The Criminal...1
ONE: A religion that authorises man to torture and slaughter and exploit his fellow-creatures is quite unworthy of consideration as religion. It could only be an ethic devised by men for the unrestrained exploitation of the ego-complex. That is not a religion at all, and nothing of the kind was either explicit or implicit in the teachings of Sri Krishna, the Buddha, or Jesus, but precisely the opposite of that.
TWO: Religions are apt to be turned upside down, and to become ethics only, in the hands of later generations who have never understood the teachings of the founder.ONE: Quite so, but then they are no longer religions except in name. The re-ligion - re-uniting (with God) - may survive in certain aspects of each sect or church, but an ethic, even a good one, is not a religion.
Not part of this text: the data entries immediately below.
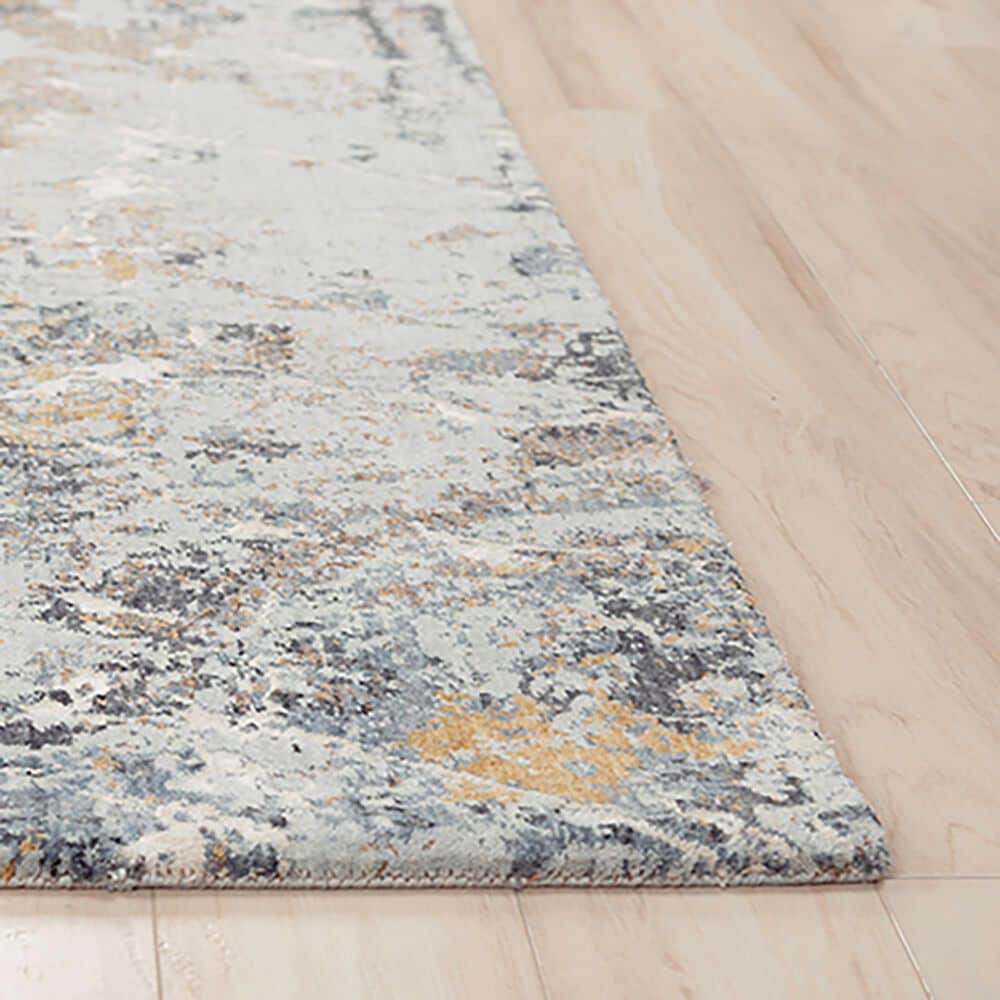 RIZZY Logan LOG731 5&#39;2&quot; x 7&#39;9&quot; Blue Area Rug, , large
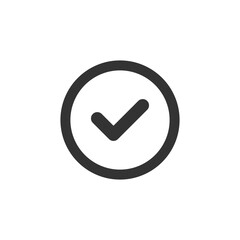 Check mark tick vector icon .
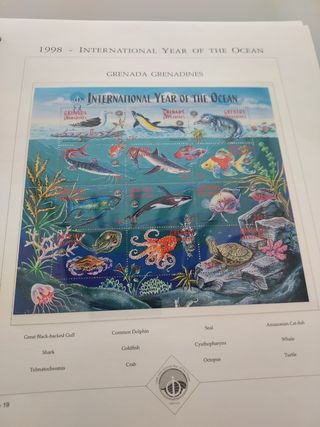 Colección sellos international year1998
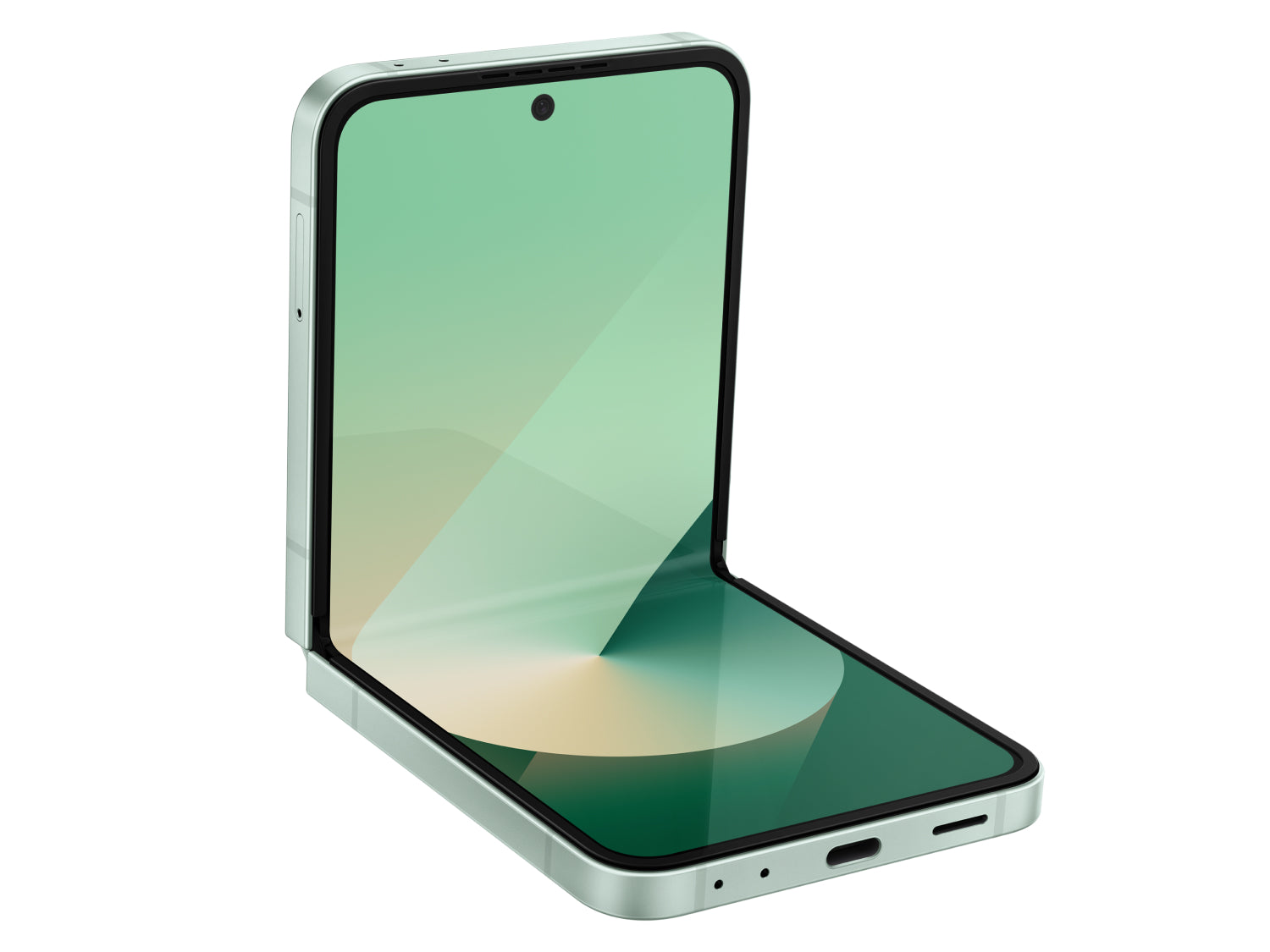 Samsung Galaxy Z Flip6 Qualcomm SM8650-AC Snapdragon 8 Gen 3 (4 nm) Z Flip6 Mint Grün günstig gebraucht kaufen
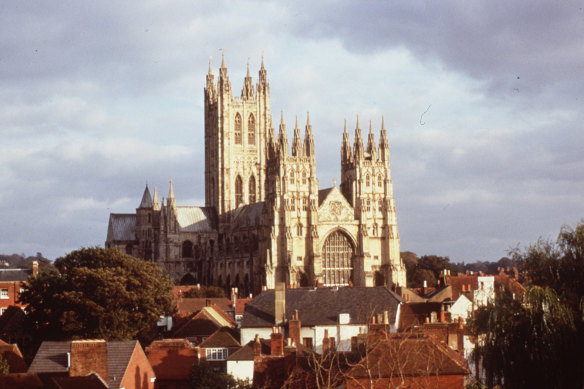 Canterbury Cathedral, the destination of Geoffrey Chaucer's pilgrims.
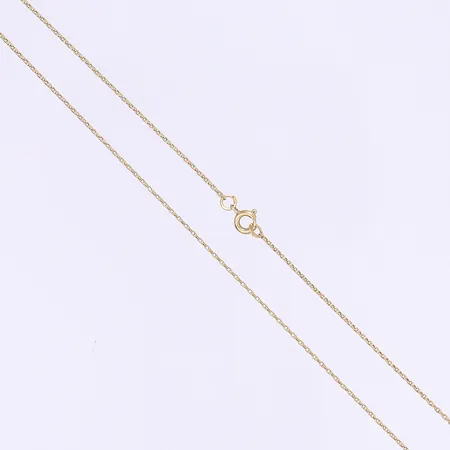 Halskedja ankarlänk 42cm, bredd 1mm, 18K Vikt: 2,3 g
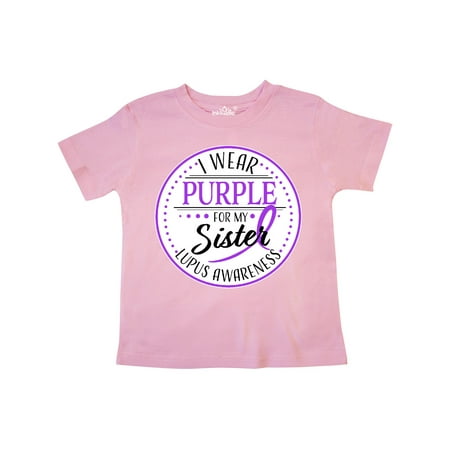 Inktastic I Wear Purple for my Sister- Lupus Awareness Gift Toddler Boy or Toddler Girl T-Shirt
Inktastic I Wear Purple for my Sister- Lupus Awareness Gift Toddler Boy or Toddler Girl T-Shirt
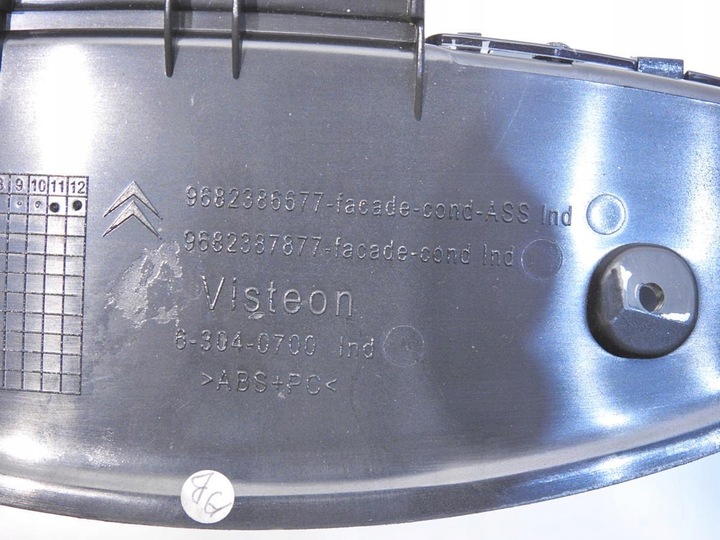 фото №10, Рамка защита спидометра citroen c5 iii 9682386677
TWO: There should be other justifications.ONE: There can be no justification for becoming an enemy of that to which you belong, that of which you form a part; and man forms a part of nature. Ignorance may be an excuse, probably the best, but it is not a justification.
TWO: And commercial necessity?ONE: Whatever could that be? There is quite certainly no such thing. The word 'necessity' is entirely inapplicable to such an activity as commerce. Commerce is merely the organisation of greed, of avidity, of grasping, unless it places service to the community before personal gain. When it does that it fulfils a useful, but never a necessary, function; when it does not, it constitutes an unmitigated evil alike to those who exploit it and to the public that suffers from it.
TWO: And to which category does modern commerce as at present observable belong?ONE: Look about you - and stop asking me questions you can answer yourself!
TWO: But is there no punishment for enmity to nature?ONE: If you mean vengeance - who is there to avenge?
TWO: 'Vengeance is mine, saith the Lord, I will repay'.ONE: Any such Lord must be on a par with those on whom he seeks vengeance. Do you know of one? To the only Power that is Real such a word would have no meaning whatever.
TWO: Penalty then.ONE: Of course there is a penalty. No one can exploit nature without paying a penalty. But it is not recognisable in the context of our absurd and primary notions of punishment and vengeance.
TWO: What is it then?ONE: It is an impartial, impersonal process that appears to us as cause and effect. But we hardly notice its workings, for it does not trouble to wear a wig and a gown.
TWO: Then how do we know it?ONE: In the West I doubt if many of us do. In the East it is known as karma. Unfortunately that word also has suffered at the hands of people who do not understand it, but it connotes a tremendous reality.
(Ed. note: the above is a brief extract from a long chapter discussing ethics, the law, economics, etc.)